++++ MATERIAL FOR THIS EXERCISE ++++

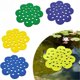 thumbnail image 2 of 4 Bebederos Flotantes de PVC con Forma de Flor para Abejas. Ideales para Polinizadores., 2 of 6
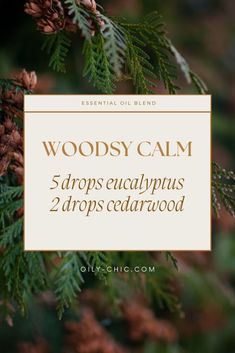 Cedarwood Essential Oil Blends, Incense Ideas, Oil Blends For Diffuser, Essential Oil Blends For Diffuser, Fall Essential Oils, Fragrance Blends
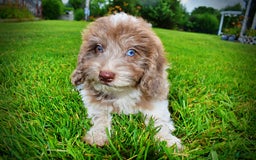 Havapoo dogs for sale: Bambam - Image 6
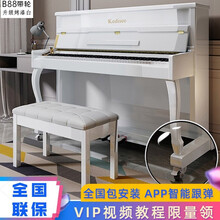 科蒂思 电钢琴88键重锤烤漆成人专业数码钢琴立式智能考级用琴幼师专用自学电子钢琴家用初学者电钢 升级款B-88-带万向滚轮-烤漆白（配琴凳）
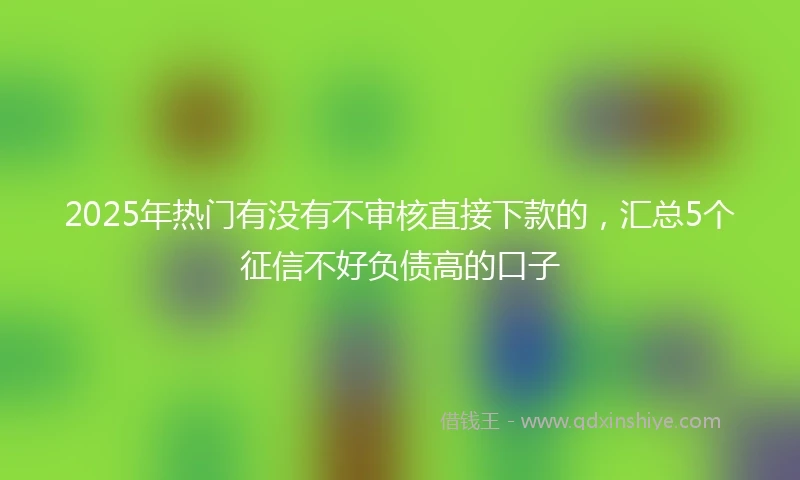 2025年热门有没有不审核直接下款的，汇总5个征信不好负债高的口子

++++

▸ **ASSIGNMENT**:
Leaving out the pictures, print exactly and only the lines from the one containing "Cedarwood Essential Oil" through the last line of the records.

▸ **ANSWER FOR THE TASK**:
 Cedarwood Essential Oil Blends, Incense Ideas, Oil Blends For Diffuser, Essential Oil Blends For Diffuser, Fall Essential Oils, Fragrance Blends
 Havapoo dogs for sale: Bambam - Image 6
 科蒂思 电钢琴88键重锤烤漆成人专业数码钢琴立式智能考级用琴幼师专用自学电子钢琴家用初学者电钢 升级款B-88-带万向滚轮-烤漆白（配琴凳）
 2025年热门有没有不审核直接下款的，汇总5个征信不好负债高的口子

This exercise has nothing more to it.